Arab investors are increasingly active as well: the UAE, Saudi Arabia, and Qatar finance energy infrastructure in East Africa, combining their capital with European technologies. This forms a new triangle of cooperation — “EU–Middle East–Africa” — with the potential to shape the world’s energy map for decades.

The problem is that behind these major projects, Africa still lacks its own decisive voice. Without mechanisms of control, its energy future may become not a story of development but a repetition of the past — where resources serve external interests.
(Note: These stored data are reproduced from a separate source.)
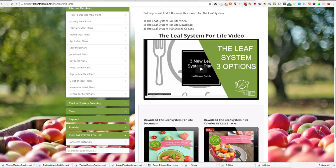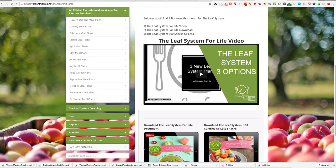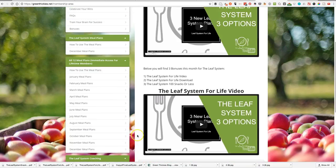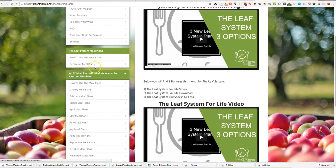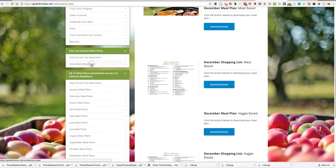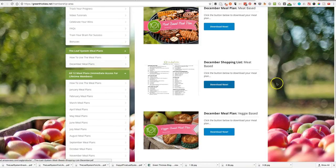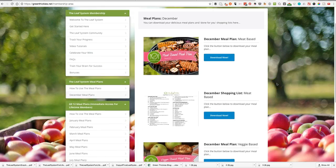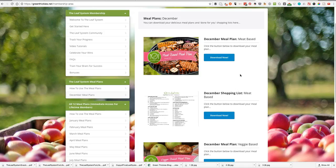Previously there was just one way to follow the Leaf System. We give you a meal plan every single month that you follow. Here is an example of the meal plans in December. You download these meal plans and it gives you a way to follow them every single day.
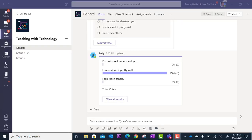In this tutorial we will look at how you can use the files area in your class team to set up collaborative workspaces for your students.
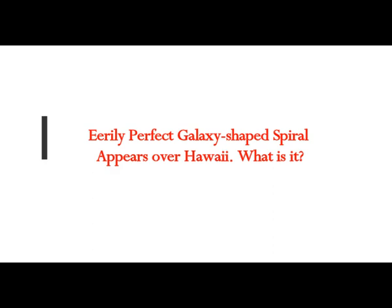Eerily perfect galaxy-shaped spiral appears over Hawaii. What is it?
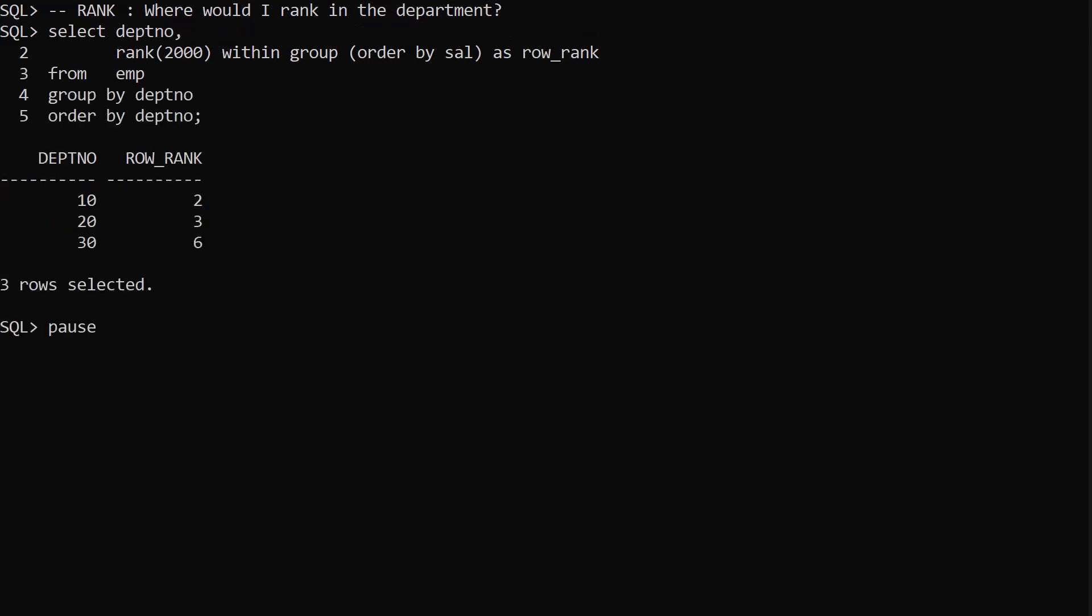To get a departmental rank we add the department number column to the select list and group by the department number column. This gives us a rank in each of the departments if our salary was 2000.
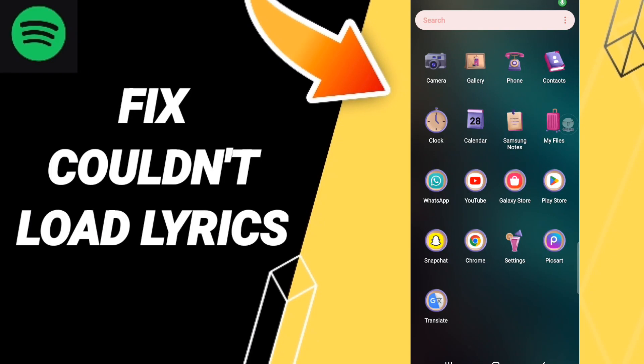Hi everyone, today we'll talk about how to fix the Spotify 'couldn't load lyrics' error. To fix this problem, you should click on Settings.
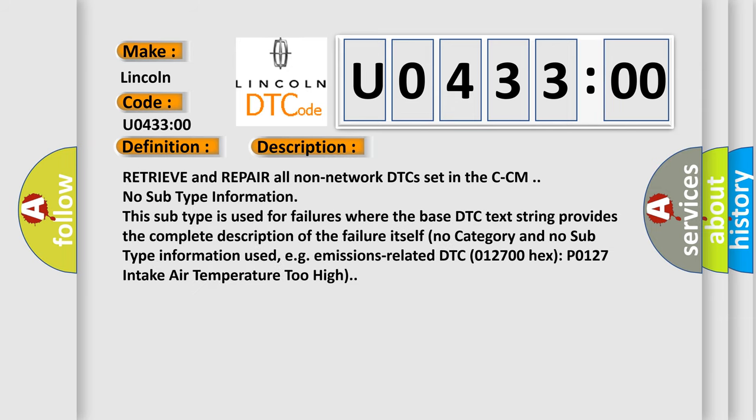Retrieve and repair all non-network DTCs set in the CCM. No subtype information. This subtype is used for failures where the base DTC text string provides the complete description of the failure itself. No category and no subtype information used. For example, emissions related DTC 012700 hex P0127 intake air temperature too high.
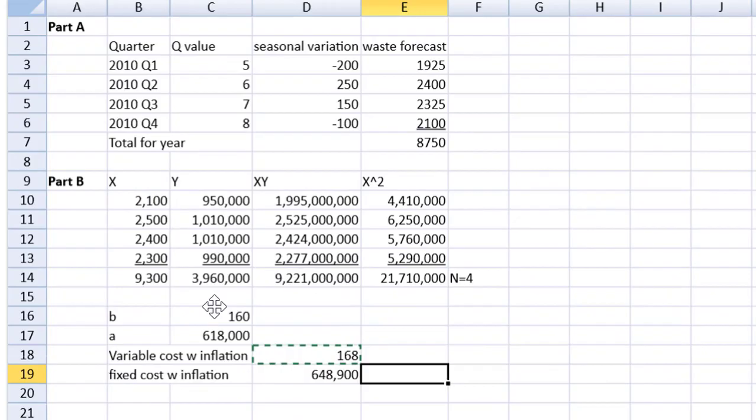There you have it. Seasonal variation and regression analysis made easy in the practice platform. Good luck on your upcoming exams. Steve signing out for now.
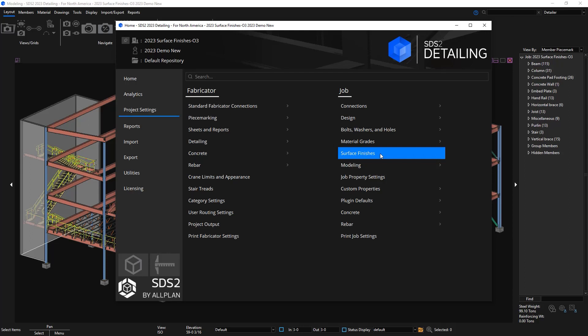New to SDS2 2023 is the ability to create your own material and member finishes. This video will be an overview of the new surface finishes setup, adding surface finishes to the member and material level, tools that are helpful, and surface finishes on the drawing.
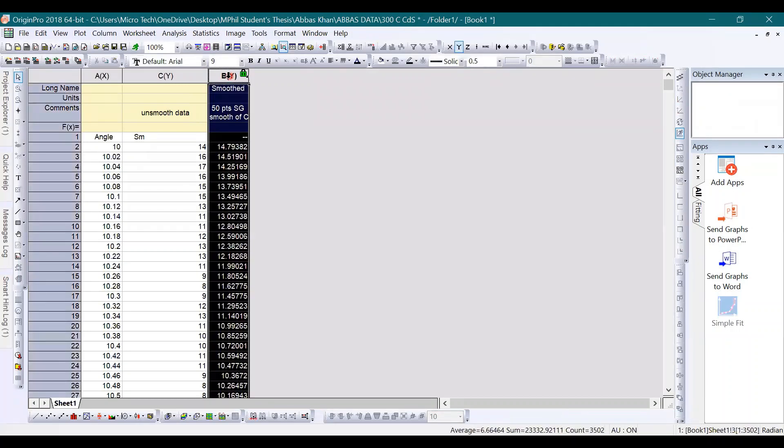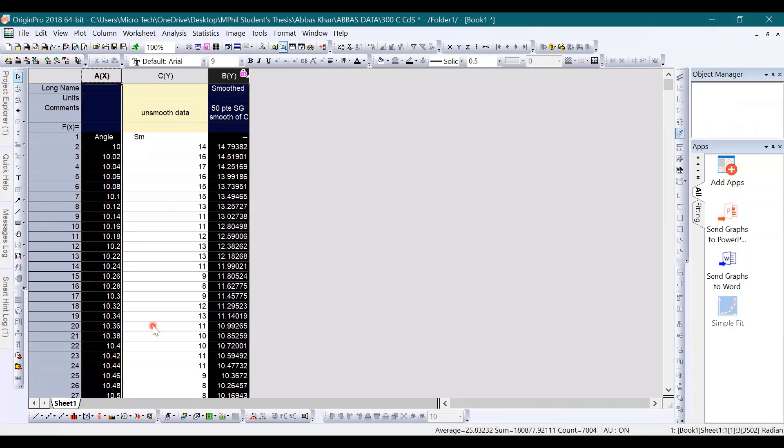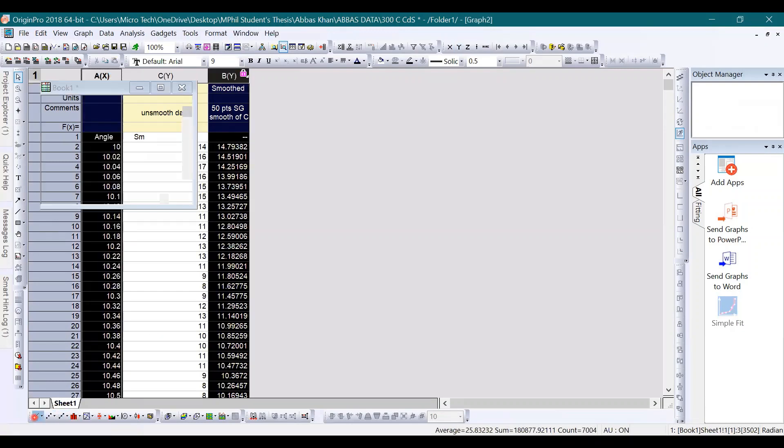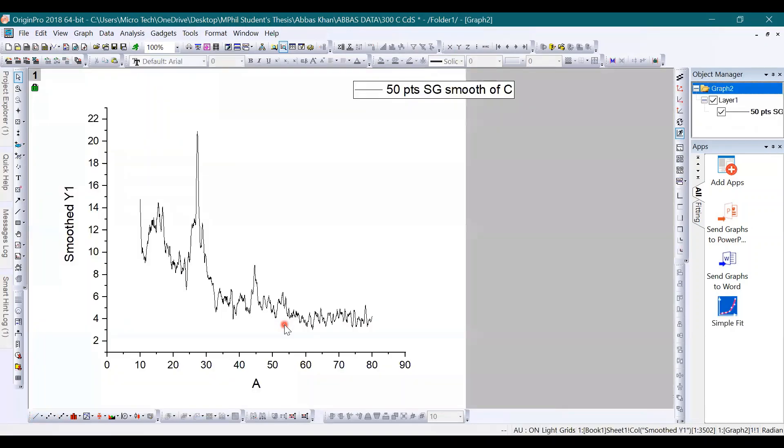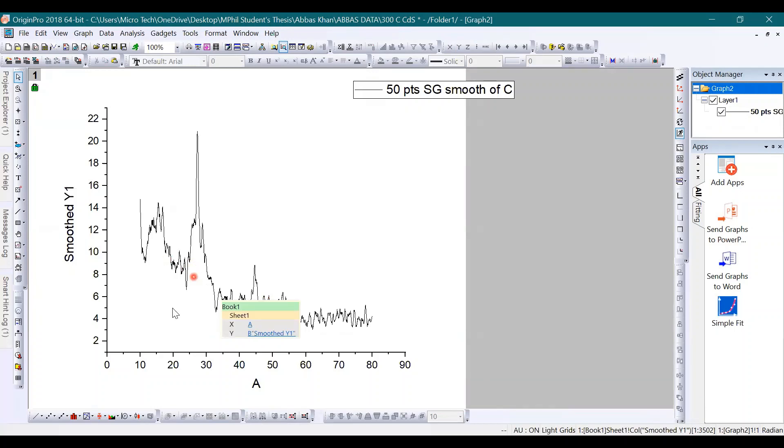Once you have this column, which is the smooth data column, click this and the first column and then plot. Once you click on the plot option, here you have smooth data now. So smoothing of data is done.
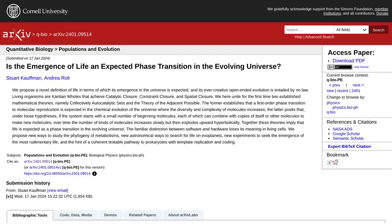Hey there, AI enthusiasts! Welcome back to our channel, where we bring you the latest and most fascinating news about artificial intelligence.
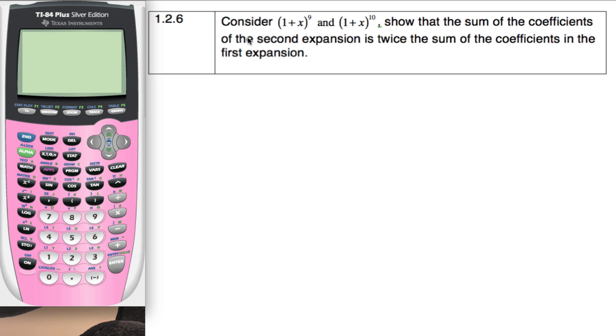Here's a binomial expansion example, 1.2.6. It says consider these two expansions, which is basically just a difference of x plus 1. And it says show that the sum of the coefficients in the second expansion is two times that of the coefficients in the first expansion.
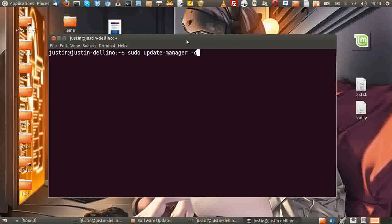This means sudo for root privileges, update-manager to get the update manager going, and -d for new distribution release. Hit enter and throw in your password.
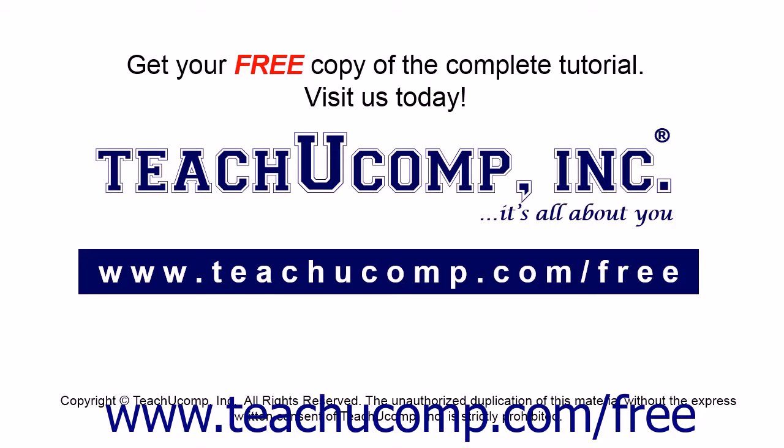Get your free copy of the complete tutorial at www.teachucomp.com/free.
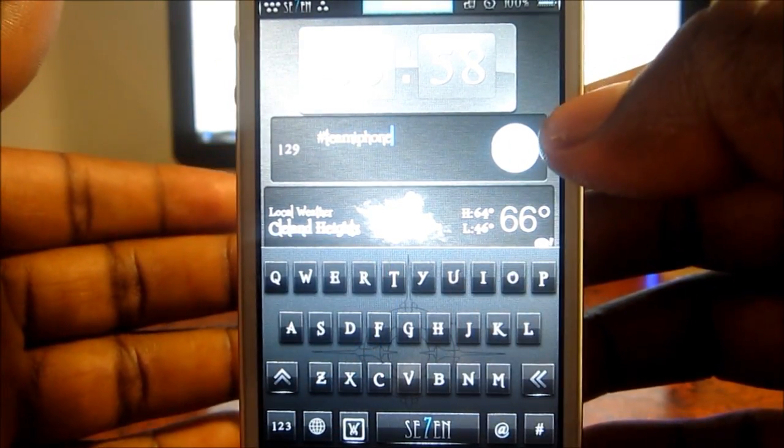If I hit play, the music will start playing. I have my little weather right here so I know the weather, and I have Dash Tweet right here — a quick way for me to tweet. I just tap on it and type in whatever.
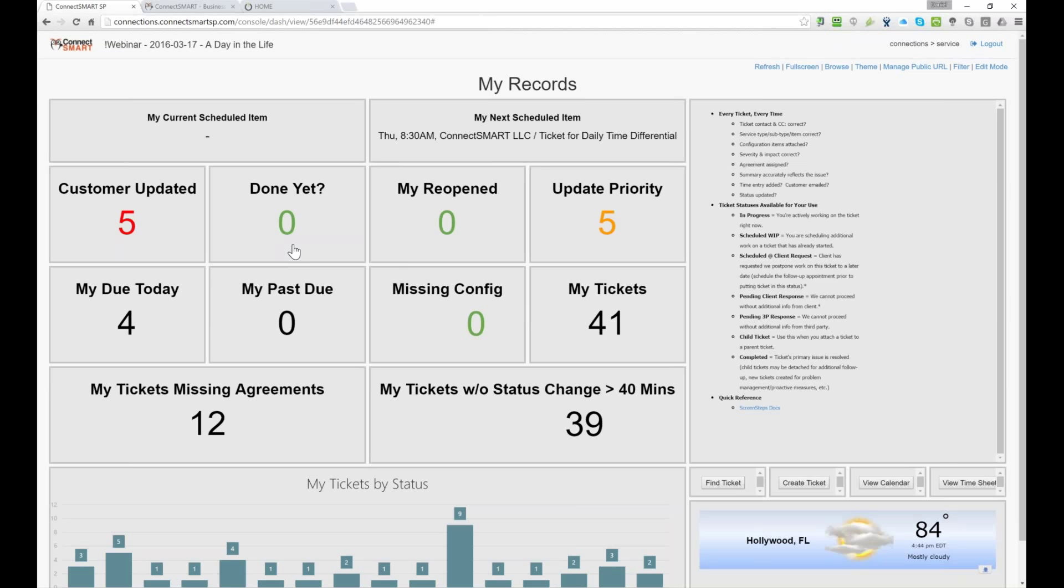The next field, which is the, my reopen tickets, is if a ticket, if somebody responds back, that ticket will be reopened. So it lets you know, hey, I closed this ticket, but for some reason it's been reopened. So it's, it's, it's, it's somewhat the same as customer updated, but not, not always.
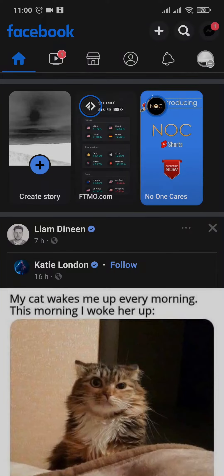In today's video I'm going to show you how to add marketplace to Facebook. If you don't see the marketplace icon on your Facebook app, let me quickly show you how you can add it.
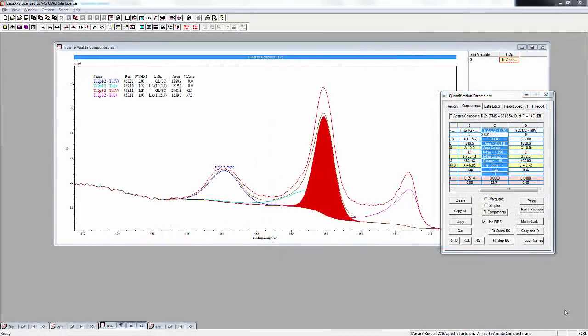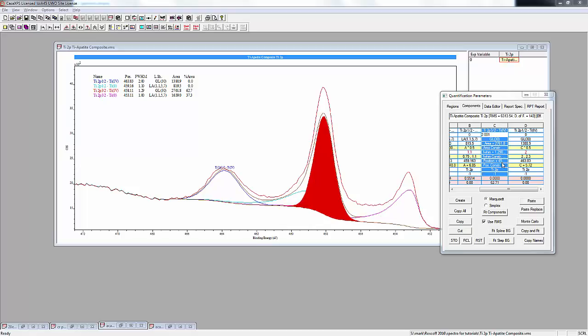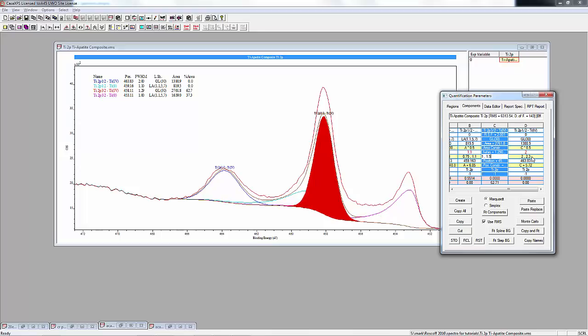We've added in the constraints for the titanium oxide. The area for the 1/2 peak is constrained to be half of the titanium 2p3/2 peak. The full width half maxes for the main 3/2 peak between 1 and 1.5 eV. For the 1/2 peak is much broader in titanium, so between 2 and 2.3, and again this is all from standard spectra. The position constraints - the 1/2 peak is going to be 5.72 eV above the 3/2 peak.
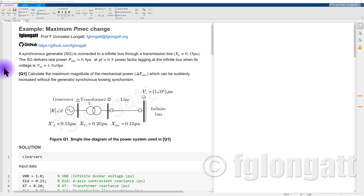Hello everyone, welcome back to the YouTube channel. Today I am presenting a numerical solution of an example where I am applying the equal area criterion to assess the rotor angle transient stability. In other words, I am using the equal area criteria to identify if the system subject to a disturbance is able to keep synchronism.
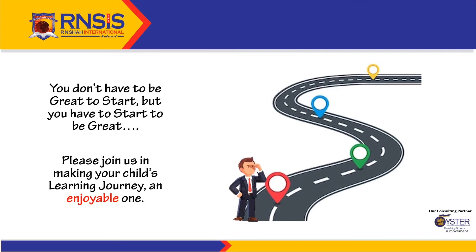Please join us in making your child's learning journey an enjoyable one. I take your leave as of now and see you all next Saturday with eLearning 2.0 Update 4.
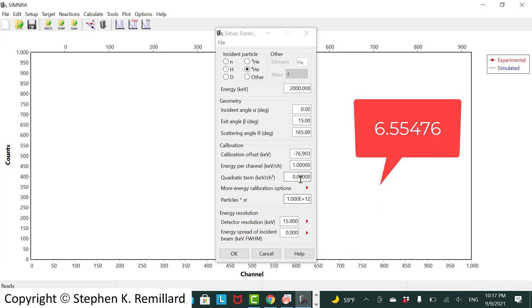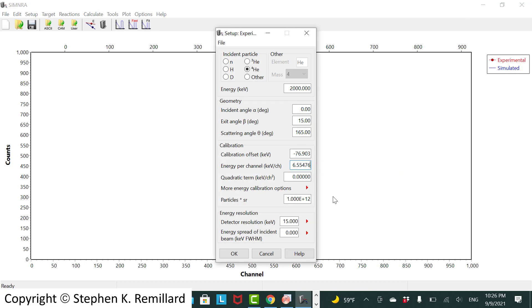And you need the significant figures on that slope. It will really mess you up if you don't have at least four. So that's the calibration.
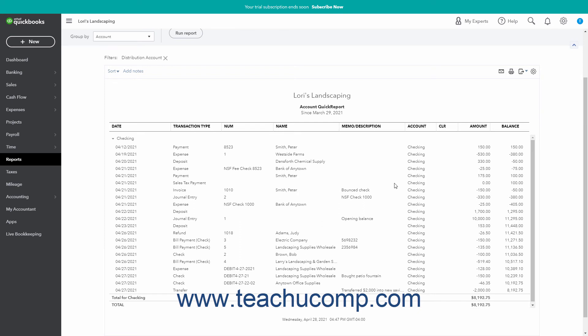To email, print, or export the Report to Excel or as a PDF after running it, click the Email, Print, or Export button in the upper right corner of the Report.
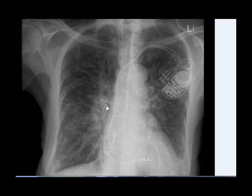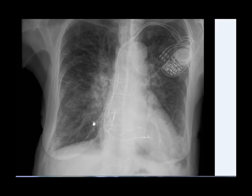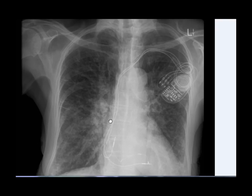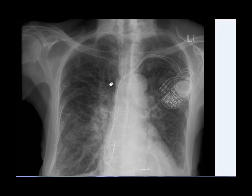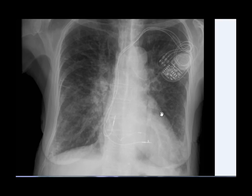The second feature is prominence of upper lobe vessels. The upper lobe vessels have become larger than the lower lobe vessels and are much more clearly visible in the upper zones compared to the lower zones.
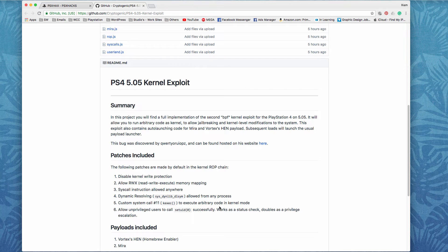I just wanted to bring you guys the quick update that the 5.05 kernel exploit is now available. In my upcoming video I'll be talking about the PS4 custom firmware mirror and the homebrew and the tools that I would like to see come out, as well as a quick description of some of the previous homebrew that came out for PlayStation 3 that I hope they port to PlayStation 4, so that the PlayStation 4 can have more functionality.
Yet Africa has a chance not to be a supplier of raw materials but a center of a new energy system. Its natural potential — sun, wind, hydropower, biomass — makes the continent one of the most promising platforms for transitioning from exporting resources to exporting energy. Here it will be determined whether the 21st century becomes the century of true “green equality” or yet another era of redistributed influence.


Conclusion

The global energy sector in 2025 is a complex system of new connections and old contradictions. Moving away from fossil fuels has not made states independent — it has merely changed the nature of their interdependencies.

Europe is learning to live without Russian gas but now depends on LNG, critical minerals, and technologies. The U.S. uses its resources and “green” subsidies to maintain industrial advantage and influence allies. China, meanwhile, builds networks of economic and technological ties through investments across Asia, Africa, and Latin America.

Against this backdrop, the UAE exemplify how a country can transform oil capital into a development tool. Their experience shows that modernization is possible without destroying traditional energy — if investments in technology and education are made at the right time.

Africa, for its part, is becoming the main testing ground for the future. Here the world will decide whether it can shift to “green” energy without repeating colonial patterns of uneven resource distribution.

In the new geopolitical reality, it matters less who owns the resources and more who knows how to manage them — rationally, strategically, and with a long-term vision.